In more ways than one, “Enrique’s Journey” started Sonia Nazario on a journey of her own.

Sonia Nazario atop the train carrying migrant children whose stories she told in 'Enrique's Journey.'

I was a born rabble-rouser. My nickname at three years old was La Granuja, Spanish for the troublemaker. In my first drawing, I held two glasses full of whiskey. When I finished one, I’d drink the other, I told my mother. That contrarian streak drew me to journalism.

When I was 13, my father died suddenly of a heart attack in Kansas, where I grew up. My mother moved our family back to Argentina, where both my parents were from. Her timing was terrible. It was the beginning of the so-called dirty war. The Argentine military was about to take power and “disappear” — a euphemism for “kill” — 30,000 people. Some of those murdered were friends, including a 16-year-old who had all the bones in his face broken.

While walking in our Buenos Aires neighborhood with my mother one morning, I saw a pool of blood on the sidewalk. “What happened?” I asked. She said the military had killed two journalists. “Why?” I asked. She said the journalists were trying to expose the truth. Though just 14, I knew instantly I wanted to write stories, to be a truth-teller. I had seen what happened in a society where information was suppressed and people didn’t understand what was going on.

Because of the terror I lived through as a teenager, I often saw issues in simple strokes, as black or white, good or evil. But I soon learned most issues have shades of gray. The more you know, the murkier things get. I also learned that journalists must keep their opinions in check. Once, in my early 20s and working at The Wall Street Journal, I drove up in my Mazda for a dinner with the chairman of Dow Jones & Co., the newspaper’s owner. The car’s bumper sticker read, “US out of El Salvador!” My bureau chief almost ripped my head off, and rightfully so. The most powerful storytelling doesn’t pull the reader by the nose.

The best assignments made the hair on my arms stand up when I heard about them. If they moved me, they might move others — to read to the end, to act on what they read. I looked for stories that made me mad, sad, disgusted, hopeful. I looked for stories with universal themes — revenge, redemption, greed.

I won the Pulitzer Prize for a series called “Enrique’s Journey” in the Los Angeles Times. At home in Mexico and Central America millions of single mothers were too poor to feed their children enough or to see them study past the third grade. Millions of them moved to the United States, leaving their children behind out of love. They found jobs and sent money home. But the children yearned to be with their mothers and set out on their own to find them.

An army of children, about 48,000 a year, was passing through Mexico and entering the United States unlawfully. Without money, many came the only way they could: grasping the tops of freight trains that traveled up the length of Mexico. They faced gangsters prowling the train tops, bandits alongside the rails, corrupt cops, all trying to rob, rape or even kill them. Many died or lost limbs. The youngest boy I heard of traveled alone across four countries. He was seven.

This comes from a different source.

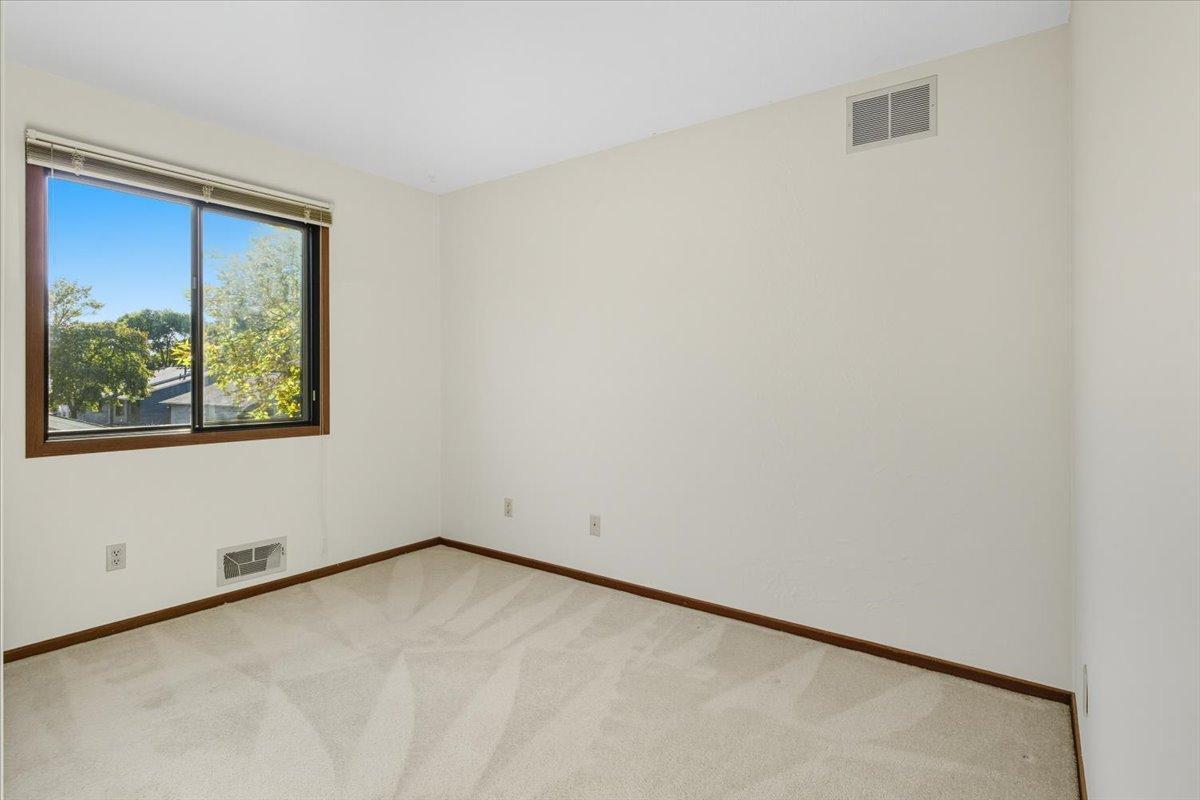 9477 Ranchview Lane North Maple Grove, MN 55369 - Photo 18 of 25 Gallery Image 18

Nazario talks about reaching out to immigrants in her daily life after penning 'Enrique's Journey' in this interview with María Hinojosa on One-on-One.

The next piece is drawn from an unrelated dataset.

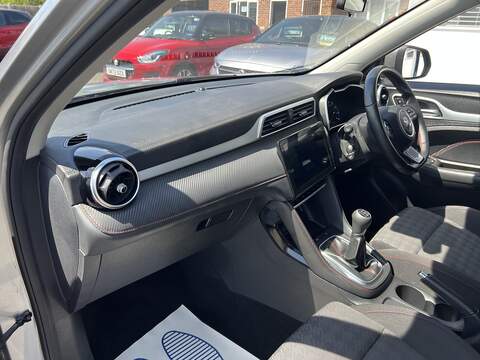 MG MG ZS 1.5 VTi-TECH Excite SUV 5dr Petrol Manual Euro 6 (s/s) (106 ps) - U1651533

I wrote about these children through the story of one boy, Enrique, whose mother left him in Honduras when he was just five. Eleven years later, he set off to find her. I found Enrique in northern Mexico, spent two weeks with him, and then took the journey he had made. I traveled three months and 1,600 miles, half the time atop freight trains. What I witnessed changed me. Children who had lost arms or legs were trying to reach the United States and find opportunities I took for granted.

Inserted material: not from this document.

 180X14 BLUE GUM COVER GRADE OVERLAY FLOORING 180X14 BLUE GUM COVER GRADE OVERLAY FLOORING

As a reporter, I had often circled back to immigration as a topic. I have migration in my blood. My father, born in Argentina, had parents who had fled persecution in Syria. Before World War II my Jewish mother left Poland, where she was born, for Argentina. Relatives who didn’t leave were gassed in Auschwitz. Of the four children my family, only I was born in the United States.

There were few immigrants in Kansas when I was child. I straddled two worlds, identifying with the outsiders. My parents, who spoke English with heavy accents, sat with friends in the front yard of our home sipping mate, a green tea they passed around Argentine-style in a gourd that everyone drank from. They roasted whole goats in the yard. Most people in Kansas didn’t do these things.

In journalism, I often tried to put readers in someone else’s shoes. I did this through immersion reporting, being a fly on the wall. I loved watching action unfold and describing it in detail. Being in the middle of the action, I could put reader there, too.

“Enrique’s Journey,” a six-part newspaper series that I expanded into a book, takes readers inside the life of an immigrant family and explores its choices and their consequences. More than 80 universities picked it as the book for all incoming freshman to read and discuss.

When students write me, they often begin: I was FORCED to read your book. Then their tone softens. They say they knew no immigrants growing up, but were taught to hate them. This story of one boy’s journey to be with his mother changes their perspective. They often say: You know the immigration issue. How can we fix this mess?

These readers prodded my inner rabble-rouser into action, and the Pulitzer Prize gave me a platform. I have spoken about immigration before the U.N. General Assembly and the Senate Foreign Relations Committee. I tell them the standard solutions from left or right — border enforcement, guest-worker programs, pathways to legalization — have failed. Any true solution must come from addressing the exodus at its source: Central America.

I became involved in other ways. In immigration courts in LA, I saw that children as young as 7 had to argue their own asylum cases. Most had no attorneys when they faced government lawyers and losing a case meant being returned to a violent country. I joined the board of a nonprofit called Kids in Need of Defense, which has recruited nearly 11,000 lawyers nationwide for children in asylum proceedings.

I became a voice — one of many — for immigrant children who come to this country alone. It gave me legitimacy and a chance to act on what I had found through my reporting.